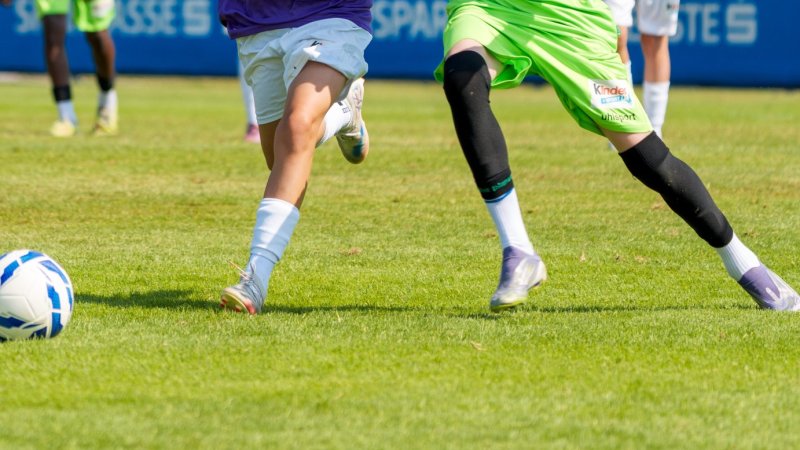 Fußball im LIVE-Stream: Sparkasse Schülerinnenliga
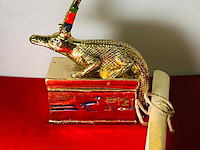 Farao, obelisk en sobek egyptische kunstgouden beelden - afbeelding 17 van  17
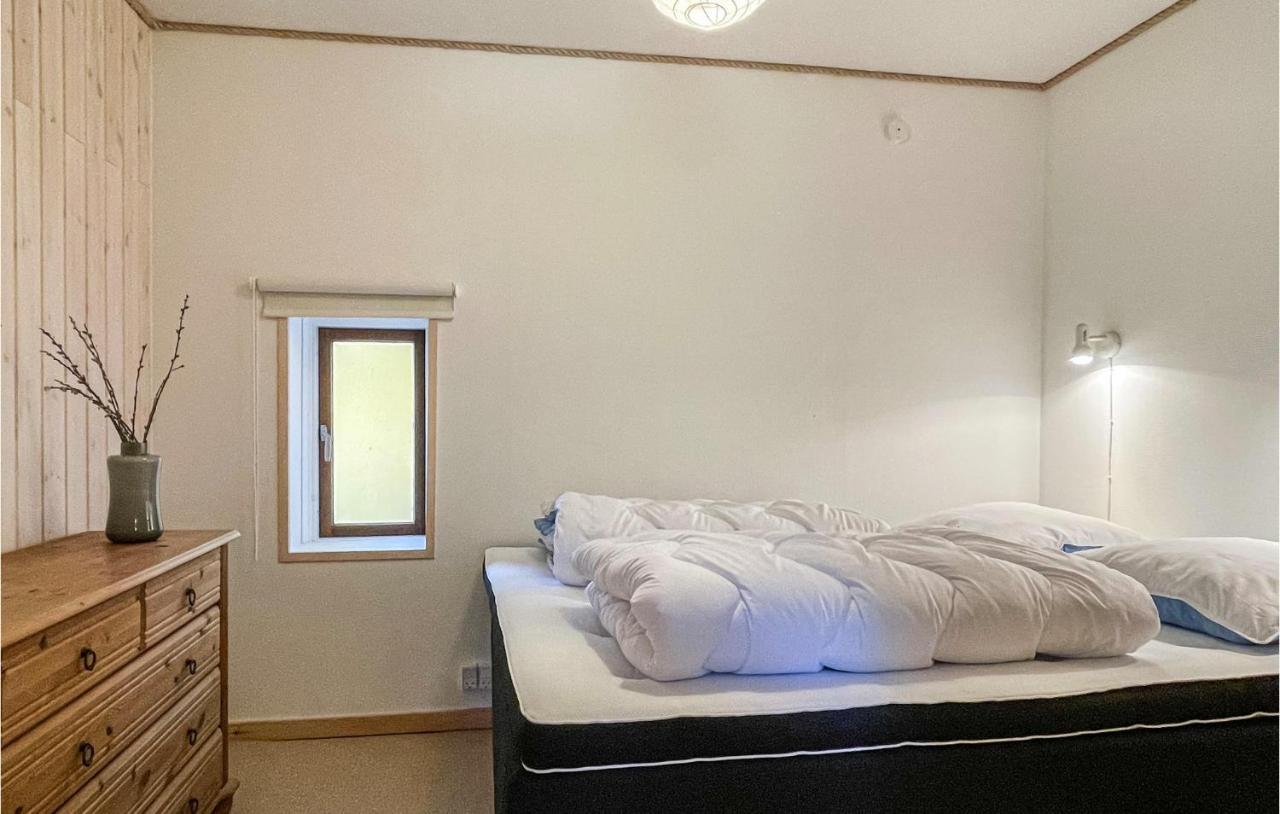 2 Bedroom Pet Friendly Home In Neksø Eksteriør billede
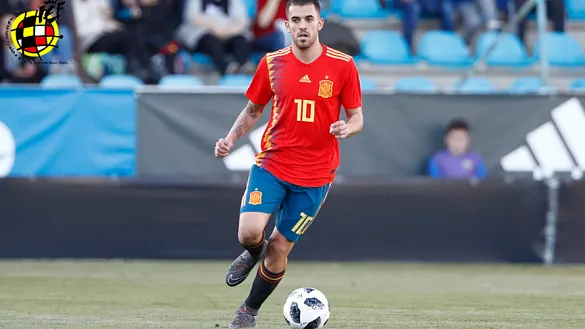 Dani Ceballos durante un partido con la Selección española Sub-21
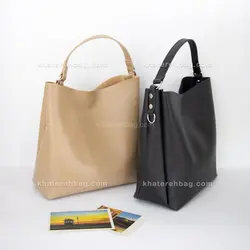 کیف زنانه نیم گرد عمود باس - کد : (22325)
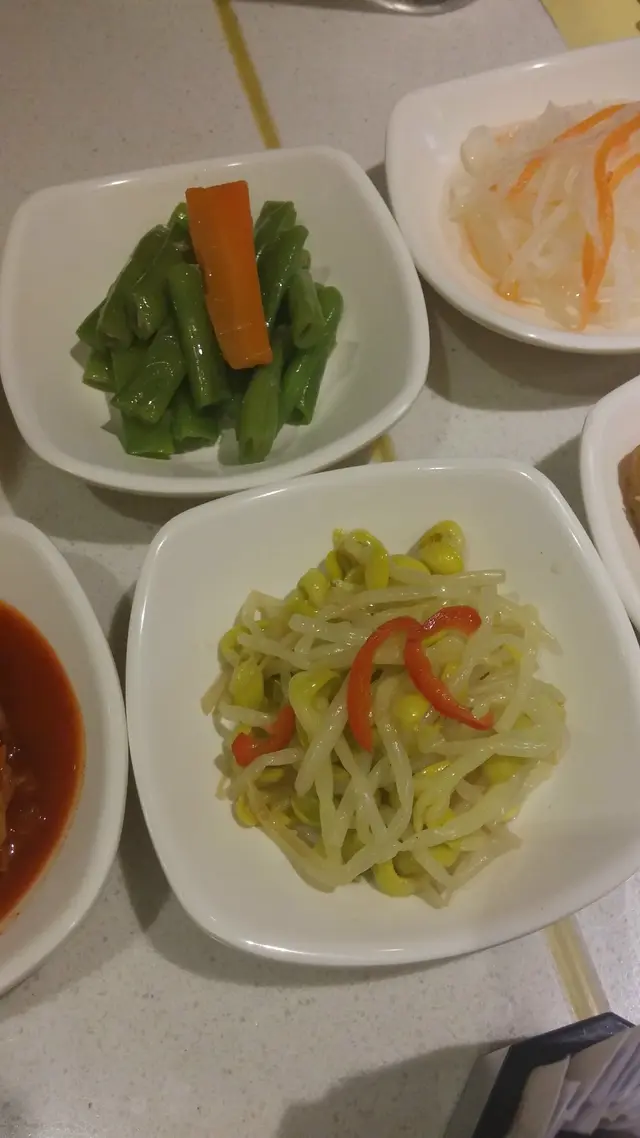 前菜一上桌就有八款,八色八味,豐富得很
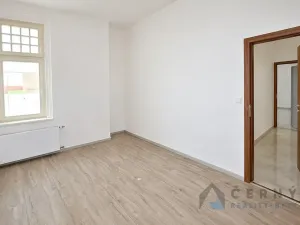 Pronájem bytu 2+1, Liberec, Liliová, 45 m2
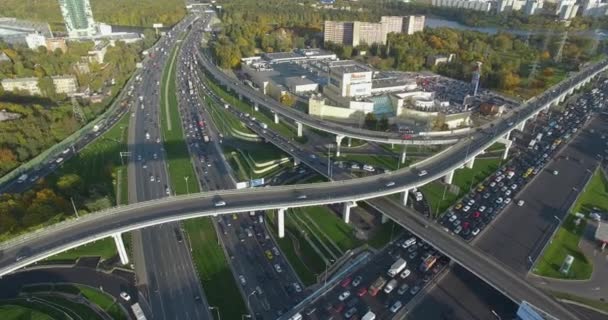 Intersecties bezet met verkeer. Luchtfoto van Moskou, Rusland — Stockvideo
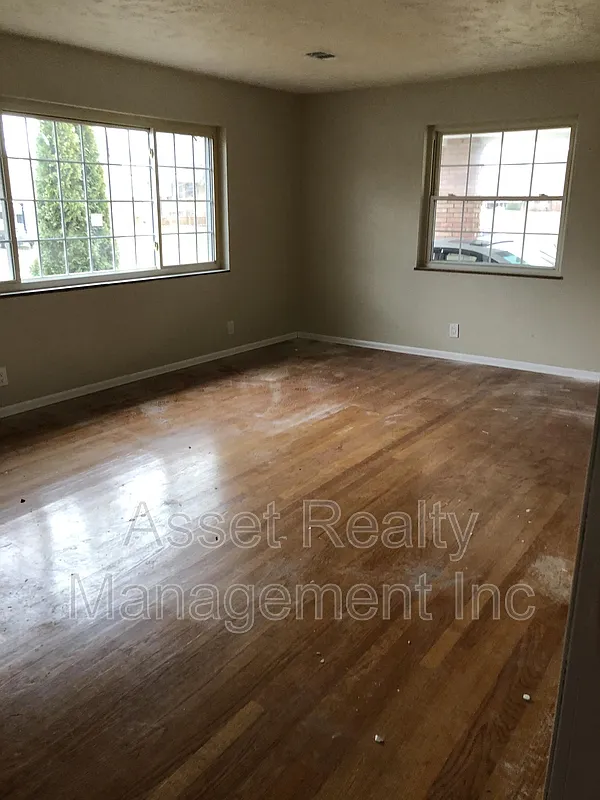 4 bed, 3.0 bath, 1942 sqft, $2,195 — Photo 4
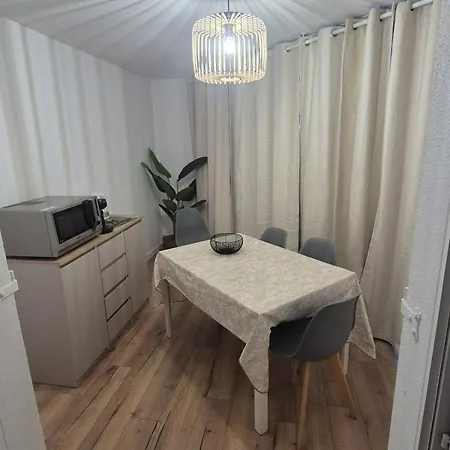 Cosy A 3 Minutes De La Apartment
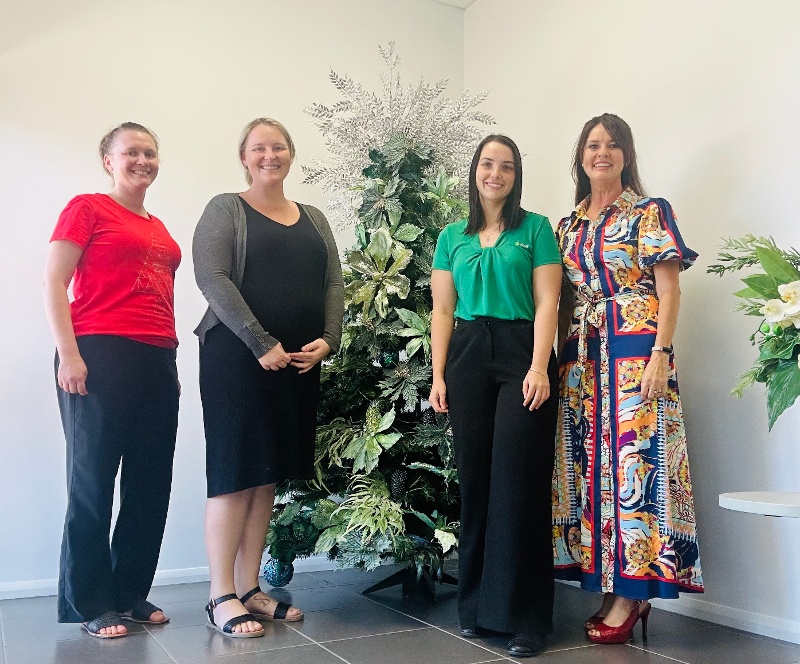 Gladstone_Office_Christmas_Decorations-1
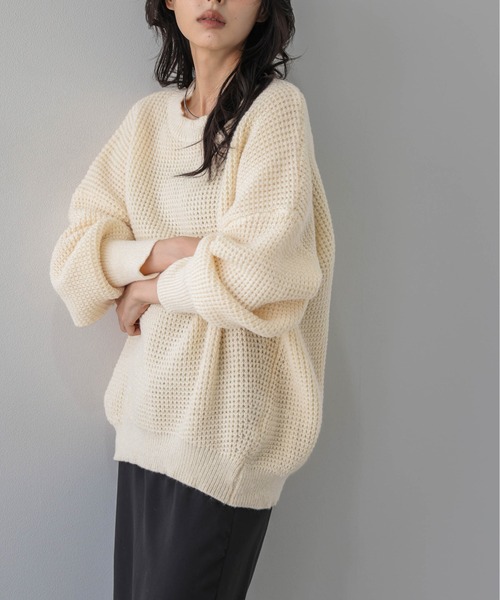 La-gemme(ラジェム)の「ワッフルニットプルオーバー/ゆったりシルエット/リラクシー(ニット/セーター・レディース・グレー/ピンク/ブラック/ベージュ・フリー)」の15枚目の写真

==*==

* **WHAT YOU NEED TO DO**
Keep out the pictures, and copy exactly the lines from the one that contains "前菜一上桌就有八款,八色八味,豐富得很" through the final line of the records above, both ends included.

* **SOLUTION BELOW**
 前菜一上桌就有八款,八色八味,豐富得很
 Pronájem bytu 2+1, Liberec, Liliová, 45 m2
 Intersecties bezet met verkeer. Luchtfoto van Moskou, Rusland — Stockvideo
 4 bed, 3.0 bath, 1942 sqft, $2,195 — Photo 4
 Cosy A 3 Minutes De La Apartment
 Gladstone_Office_Christmas_Decorations-1
 La-gemme(ラジェム)の「ワッフルニットプルオーバー/ゆったりシルエット/リラクシー(ニット/セーター・レディース・グレー/ピンク/ブラック/ベージュ・フリー)」の15枚目の写真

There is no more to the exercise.